Desafortunadamente —como dirán muchos—, el secreto a voces llegó a oídos de los medios de comunicación y la universidad tuvo que salir a dar explicaciones. Cuando se le preguntó a sus funcionarios por qué no habían denunciado a la Fiscalía unos hechos que, a toda luz, son punibles, se limitaron a decir que primero estaban realizando sus “propias investigaciones”, tras lo cual decidirían cuál era la ruta a seguir.
Y es que las instituciones de educación superior, parecen haber encontrado en la naturaleza autónoma que les da la Constitución, el blindaje perfecto para funcionar como su propia policía, fiscalía, procuraduría, contraloría y juez. Por eso, tenemos a burócratas universitarios actuando como investigadores y jueces de conductas de todo tipo, sin que las comunidades académicas tengan claridad de los criterios que guían tales prácticas, ni de sus límites.
Algunos dirán que esto es válido porque los reglamentos de cada institución regulan las conductas al interior de los campus, pero olvidan que ningún reglamento puede sustituir la Constitución ni el código penal.
De hecho, la Corte Constitucional en 2012, a propósito de un caso de plagio en la Universidad Autónoma, dejó muy claro que es obligación de las instituciones educativas denunciar ante las autoridades judiciales todo posible caso de conducta punible, para que sean ellas quienes determinen las consecuencias penales que de allí se deriven. Pero el “manejo interno” sigue preponderando en las facultades y rectorías, aunque se trate no solo de plagio, sino además de robo, malversación, peculado, acoso sexual, violación, etc.
Tristemente, la reputación institucional parece autorizar a encubrir cualquier delito. Hace unos meses, una horda de jovencitos dirigidos por un vocero de la Mane abrió cuentas en Twitter para insultarme por manchar el buen nombre de la Fundación Universitaria San Martín, por el simple hecho de reiterar desde Las 2 Orillas algo que es de conocimiento público: a la Fundación le fueron cancelados ocho registros por no cumplir con los requisitos de ley. A pesar de que las irregularidades administrativas fueron probadas —y aceptadas por la misma institución— hoy hay quienes creen que la reputación de la San Martín está por encima de los derechos de estudiantes y ciudadanos a saber dónde ponen su dinero y qué servicio se les presta.

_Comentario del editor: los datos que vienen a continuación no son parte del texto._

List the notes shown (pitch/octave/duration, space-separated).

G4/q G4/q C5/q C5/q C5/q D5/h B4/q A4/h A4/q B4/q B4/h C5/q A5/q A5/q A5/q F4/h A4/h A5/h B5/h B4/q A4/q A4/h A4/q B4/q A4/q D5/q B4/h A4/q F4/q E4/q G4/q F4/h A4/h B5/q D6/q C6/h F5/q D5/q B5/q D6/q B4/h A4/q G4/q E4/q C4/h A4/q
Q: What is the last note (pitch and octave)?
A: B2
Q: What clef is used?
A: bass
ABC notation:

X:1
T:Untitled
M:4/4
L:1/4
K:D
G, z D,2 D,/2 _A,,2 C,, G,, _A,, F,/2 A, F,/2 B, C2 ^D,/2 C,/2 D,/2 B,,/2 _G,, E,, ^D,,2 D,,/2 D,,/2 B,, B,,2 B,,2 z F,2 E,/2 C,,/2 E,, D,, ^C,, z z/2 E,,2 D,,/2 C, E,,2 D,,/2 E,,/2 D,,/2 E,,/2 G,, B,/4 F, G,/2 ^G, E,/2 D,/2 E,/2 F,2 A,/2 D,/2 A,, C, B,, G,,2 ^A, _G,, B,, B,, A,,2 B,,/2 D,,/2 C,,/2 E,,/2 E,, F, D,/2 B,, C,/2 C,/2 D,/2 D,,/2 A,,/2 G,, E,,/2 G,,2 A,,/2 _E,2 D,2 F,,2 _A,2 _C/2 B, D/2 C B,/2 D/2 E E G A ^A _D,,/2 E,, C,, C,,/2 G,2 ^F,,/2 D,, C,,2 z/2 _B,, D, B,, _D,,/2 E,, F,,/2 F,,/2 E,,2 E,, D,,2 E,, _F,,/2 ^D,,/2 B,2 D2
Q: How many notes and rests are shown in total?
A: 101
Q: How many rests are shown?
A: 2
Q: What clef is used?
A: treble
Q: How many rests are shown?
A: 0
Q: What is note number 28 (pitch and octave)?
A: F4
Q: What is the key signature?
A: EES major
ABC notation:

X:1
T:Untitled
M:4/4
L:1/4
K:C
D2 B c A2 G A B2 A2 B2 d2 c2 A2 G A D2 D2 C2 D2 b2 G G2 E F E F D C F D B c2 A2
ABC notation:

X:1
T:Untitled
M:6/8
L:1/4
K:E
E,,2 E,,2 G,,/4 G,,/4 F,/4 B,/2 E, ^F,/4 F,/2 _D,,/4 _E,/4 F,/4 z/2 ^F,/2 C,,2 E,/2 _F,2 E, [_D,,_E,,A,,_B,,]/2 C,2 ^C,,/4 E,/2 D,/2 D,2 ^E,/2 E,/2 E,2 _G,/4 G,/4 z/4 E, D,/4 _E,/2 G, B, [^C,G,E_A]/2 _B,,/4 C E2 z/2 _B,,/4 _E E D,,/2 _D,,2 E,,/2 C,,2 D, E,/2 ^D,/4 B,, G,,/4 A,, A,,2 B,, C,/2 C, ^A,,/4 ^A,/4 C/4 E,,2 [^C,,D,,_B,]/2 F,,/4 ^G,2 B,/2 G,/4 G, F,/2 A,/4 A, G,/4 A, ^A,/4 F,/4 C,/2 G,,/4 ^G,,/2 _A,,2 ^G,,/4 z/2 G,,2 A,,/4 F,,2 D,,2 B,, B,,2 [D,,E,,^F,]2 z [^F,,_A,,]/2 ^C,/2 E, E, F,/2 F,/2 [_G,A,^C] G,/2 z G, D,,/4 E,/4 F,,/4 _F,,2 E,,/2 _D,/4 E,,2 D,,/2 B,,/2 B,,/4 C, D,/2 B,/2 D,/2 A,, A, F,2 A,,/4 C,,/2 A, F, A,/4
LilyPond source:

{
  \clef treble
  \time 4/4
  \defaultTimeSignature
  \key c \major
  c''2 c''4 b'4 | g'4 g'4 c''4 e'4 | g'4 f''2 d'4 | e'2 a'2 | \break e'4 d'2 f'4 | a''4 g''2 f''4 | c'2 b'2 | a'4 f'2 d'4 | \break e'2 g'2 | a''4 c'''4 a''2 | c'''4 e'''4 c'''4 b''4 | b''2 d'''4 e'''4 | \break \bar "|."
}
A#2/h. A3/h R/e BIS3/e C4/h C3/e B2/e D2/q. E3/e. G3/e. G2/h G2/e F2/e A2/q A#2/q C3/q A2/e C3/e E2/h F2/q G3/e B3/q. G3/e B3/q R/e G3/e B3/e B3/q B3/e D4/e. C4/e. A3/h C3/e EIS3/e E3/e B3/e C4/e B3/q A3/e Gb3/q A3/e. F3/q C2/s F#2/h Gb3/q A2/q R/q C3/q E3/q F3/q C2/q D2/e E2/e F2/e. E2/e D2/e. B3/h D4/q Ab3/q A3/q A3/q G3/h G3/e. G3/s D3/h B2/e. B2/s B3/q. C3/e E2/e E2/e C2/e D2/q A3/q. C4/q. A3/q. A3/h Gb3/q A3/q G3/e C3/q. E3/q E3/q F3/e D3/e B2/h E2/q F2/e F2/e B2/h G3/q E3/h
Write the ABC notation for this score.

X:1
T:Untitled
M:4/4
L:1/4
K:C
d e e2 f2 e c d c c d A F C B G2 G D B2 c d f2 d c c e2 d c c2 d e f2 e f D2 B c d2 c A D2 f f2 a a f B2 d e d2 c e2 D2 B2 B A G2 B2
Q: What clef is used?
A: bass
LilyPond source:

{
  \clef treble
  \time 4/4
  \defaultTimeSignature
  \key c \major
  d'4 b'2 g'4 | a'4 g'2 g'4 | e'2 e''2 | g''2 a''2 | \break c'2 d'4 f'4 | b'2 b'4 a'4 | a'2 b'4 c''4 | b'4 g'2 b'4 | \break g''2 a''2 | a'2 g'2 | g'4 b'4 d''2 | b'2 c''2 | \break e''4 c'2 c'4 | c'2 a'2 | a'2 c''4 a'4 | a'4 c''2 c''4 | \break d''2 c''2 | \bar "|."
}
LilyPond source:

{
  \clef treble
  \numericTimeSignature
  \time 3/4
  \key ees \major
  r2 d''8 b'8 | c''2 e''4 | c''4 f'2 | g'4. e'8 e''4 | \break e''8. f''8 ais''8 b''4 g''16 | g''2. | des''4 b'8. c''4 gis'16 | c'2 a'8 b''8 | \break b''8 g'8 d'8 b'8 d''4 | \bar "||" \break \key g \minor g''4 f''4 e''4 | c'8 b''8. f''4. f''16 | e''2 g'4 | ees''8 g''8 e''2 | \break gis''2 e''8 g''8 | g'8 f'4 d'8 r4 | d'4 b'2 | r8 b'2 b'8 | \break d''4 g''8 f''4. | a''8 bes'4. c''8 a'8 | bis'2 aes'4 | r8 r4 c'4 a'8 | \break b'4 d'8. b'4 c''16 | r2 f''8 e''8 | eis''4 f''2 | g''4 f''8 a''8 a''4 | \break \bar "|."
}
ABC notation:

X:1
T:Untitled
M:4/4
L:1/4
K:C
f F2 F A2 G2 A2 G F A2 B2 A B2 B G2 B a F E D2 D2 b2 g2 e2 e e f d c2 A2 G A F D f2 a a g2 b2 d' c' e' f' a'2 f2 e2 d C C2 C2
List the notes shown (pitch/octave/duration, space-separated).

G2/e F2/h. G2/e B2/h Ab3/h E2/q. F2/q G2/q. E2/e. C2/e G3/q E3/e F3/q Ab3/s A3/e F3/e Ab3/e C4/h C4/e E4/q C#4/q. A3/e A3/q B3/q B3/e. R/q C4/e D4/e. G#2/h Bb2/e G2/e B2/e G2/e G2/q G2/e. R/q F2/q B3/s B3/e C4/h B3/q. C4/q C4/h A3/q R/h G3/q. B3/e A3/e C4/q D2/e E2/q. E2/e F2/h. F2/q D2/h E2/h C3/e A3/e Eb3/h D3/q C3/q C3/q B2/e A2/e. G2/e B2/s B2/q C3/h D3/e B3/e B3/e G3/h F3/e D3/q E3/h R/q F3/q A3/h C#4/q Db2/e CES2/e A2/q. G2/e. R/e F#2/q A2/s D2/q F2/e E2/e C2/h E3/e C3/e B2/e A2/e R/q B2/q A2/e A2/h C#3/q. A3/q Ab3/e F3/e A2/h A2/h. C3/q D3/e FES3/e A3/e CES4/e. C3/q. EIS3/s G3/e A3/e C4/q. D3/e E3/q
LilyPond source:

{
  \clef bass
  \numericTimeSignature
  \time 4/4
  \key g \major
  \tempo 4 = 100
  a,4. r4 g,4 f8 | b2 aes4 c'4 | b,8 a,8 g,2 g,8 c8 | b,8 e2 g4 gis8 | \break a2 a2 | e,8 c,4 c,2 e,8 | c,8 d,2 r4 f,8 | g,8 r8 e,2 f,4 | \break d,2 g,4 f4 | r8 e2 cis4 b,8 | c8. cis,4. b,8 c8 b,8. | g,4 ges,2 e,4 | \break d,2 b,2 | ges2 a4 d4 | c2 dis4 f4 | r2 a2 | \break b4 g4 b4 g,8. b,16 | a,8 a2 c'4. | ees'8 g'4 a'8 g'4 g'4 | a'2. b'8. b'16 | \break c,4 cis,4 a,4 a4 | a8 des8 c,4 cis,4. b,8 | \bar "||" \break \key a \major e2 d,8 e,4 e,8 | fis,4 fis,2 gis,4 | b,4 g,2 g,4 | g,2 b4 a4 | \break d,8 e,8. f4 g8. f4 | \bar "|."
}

Frente a estos casos, como ya ha pasado, tendremos que escuchar de nuevo el sonsonete de las “naranjas podridas”. Se nos dirá que las responsabilidades son individuales y no tienen porqué mancillar el casto nombre institucional. Se nos reiterará que la reputación de generaciones enteras no puede cargar el INRI de unos pocos. Se volverá a utilizar aquella fórmula según la cual las instituciones son las “verdaderas víctimas”… que son víctimas de entes de control politizados y sesgados que persiguen a la casta institucionalidad. O peor: víctimas de unos sujetos aislados que buscan destrozar el destino trascendente y superior que quién sabe qué dios trazó para cada institución. Víctimas de las naranjas.
El principio ético en el que parecen concordar muchas personas en Colombia es muy simple: cuando se pudren las naranjas, la culpa es de la naturaleza por hacerlas proclives a la corrupción.